In today’s automotive landscape where vehicle nameplates change with the wind and sometimes don’t make it to the third generation, we can look at the eight-generation history of the Chevrolet Corvette with wonder and awe. The hysteria surrounding the ground-breaking 2020 Corvette has enthusiasts abuzz all across the globe. To consider how the Corvette became a fire-breathing, V-8-powered, mid-rear-engine handling superstar 66 years after the first, humble front-engine, six-cylinder, solid-axle convertible debuted at the 1953 New York Auto Show is astonishing.

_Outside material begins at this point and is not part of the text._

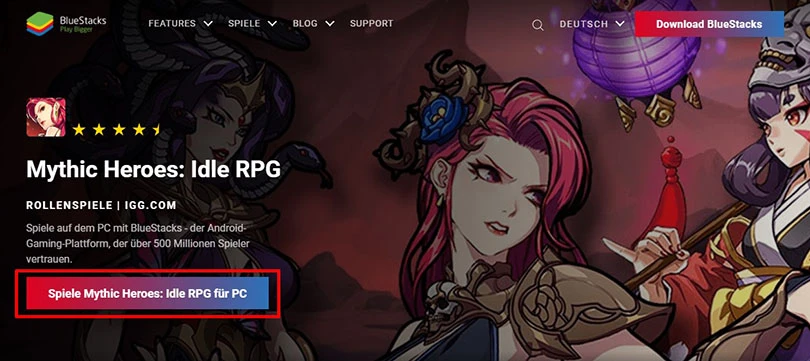 android emulator herunterladen Mythic Heroes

Rooted in the display of engineering aptitude and the unique, American way of overcoming obstacles, the Corvette has remained a mainstay of American culture. So when I found myself in Bowling Green, Kentucky earlier this year—and with a rare free day in my travel schedule—I headed over to the National Corvette Museum to immerse myself in all things Corvette.
To consider the extent of General Motors’ commitment to the Corvette’s longevity and technical prowess is to revel in the promise of performance as close as the flick of your right foot, and wide-open roads just a short burst of speed away. In the 1950s when the Interstate Highway System was starting to take shape, those open roads offered a pledge of smooth, uninterrupted pavement. It was the perfect time for the Corvette to serenade the American driver with the mechanical sounds of automotive performance. The Museum holds many examples of Corvettes that are significant for one reason or another, and one thing is clear; the Corvette is unmistakable no matter the model year.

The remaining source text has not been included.